# Mainframe jobs in Germany



## mariappan2k4

Hi Folks,

I have got german job seeker visa a week back. I am having 8+ years of Information Technology(Mainframe) experience and knowing german(B1) at some extent. 

I have applied jobs in below portal. I get rejection emails most of the times.I thought my resume is the problem. I converted it to german format . Though i get rejection email.

Can any one give me an advice or suggestions on how to get the mainframe jobs in germany? 

STEPSTONE.DE
MONSTER.DE
JOBBORSE.ARBEITSAGENTURE.DE

Regards,Mari


----------



## vronchen

mariappan2k4 said:


> Hi Folks,
> 
> I have got german job seeker visa a week back. I am having 8+ years of Information Technology(Mainframe) experience and knowing german(B1) at some extent.
> 
> I have applied jobs in below portal.
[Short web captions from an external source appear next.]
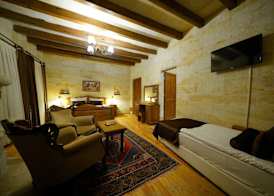 Harman Cave Hotel 5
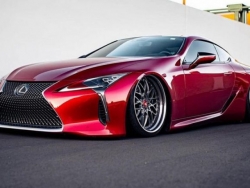 Ấn tượng với chiếc Lexus LC 500 phiên bản "lết đất" sau khi hạ gầm táo bạo và đeo "giày mới"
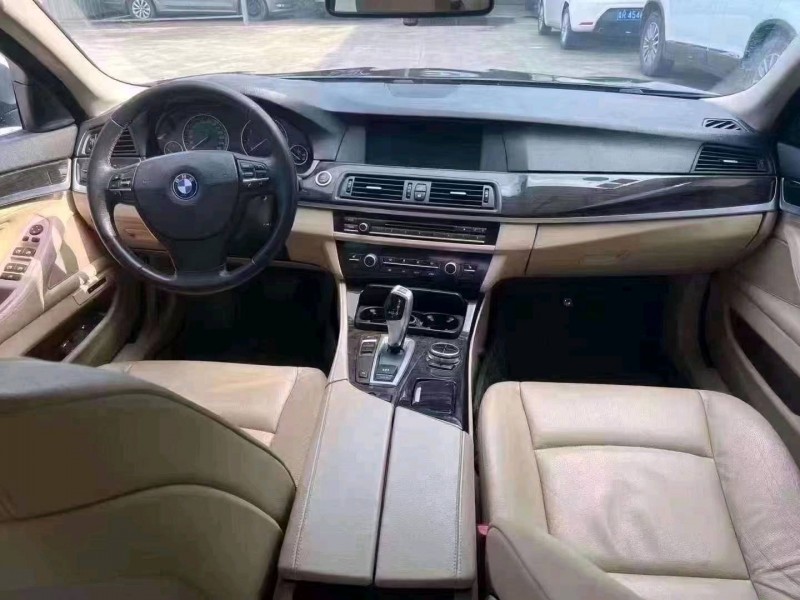 济宁13年宝马5系7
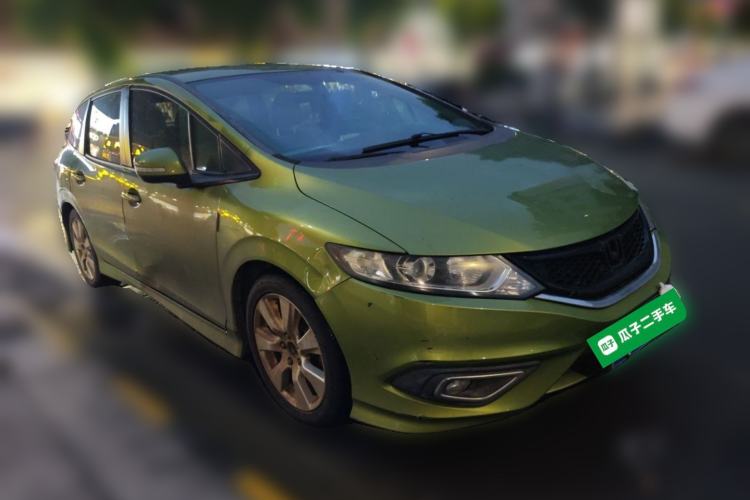 Used Honda Jade 2013 1.8L automatic Comfort version 5 seats Front Right 45 Deg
I get rejection emails most of the times.I thought my resume is the problem. I converted it to german format . Though i get rejection email.
> 
> Can any one give me an advice or suggestions on how to get the mainframe jobs in germany?
> 
> STEPSTONE.DE
> MONSTER.DE
> JOBBORSE.ARBEITSAGENTURE.DE
> 
> Regards,Mari


Are you also sending a cover letter and copies of all your diplomas + references for all of your jobs on your resume?

Sounds like you are applying only for a few weeks. Getting a job takes time.


----------



## mariappan2k4

Thanks for your reply.Yes. I am applying with cover letter(in deutsch) and all my degree certificate. I am apply for past 3 weeks.I get rejections all the times. Is it good to go for Y-axis as they do offer resume marketing and stuff.? I am also afraid,that after paying hefty money to them and do not get any calls, then it will be waste of time and money.


----------



## ismzsam

*Mainframe query*

Hi friend.....

Even I have applied for job seeker visa for germany. I have 6.5 years of mainframe experience. Presently I am working in Singapore. Same concern as yours, Whether to approach Y axis, for job assistance in Germany. 

I have A2 level of knowledge in German. I want to know the trend for foreigners to get mainframe jobs in Germany. Please let me know whether its possible to get mainframe job in present market.


----------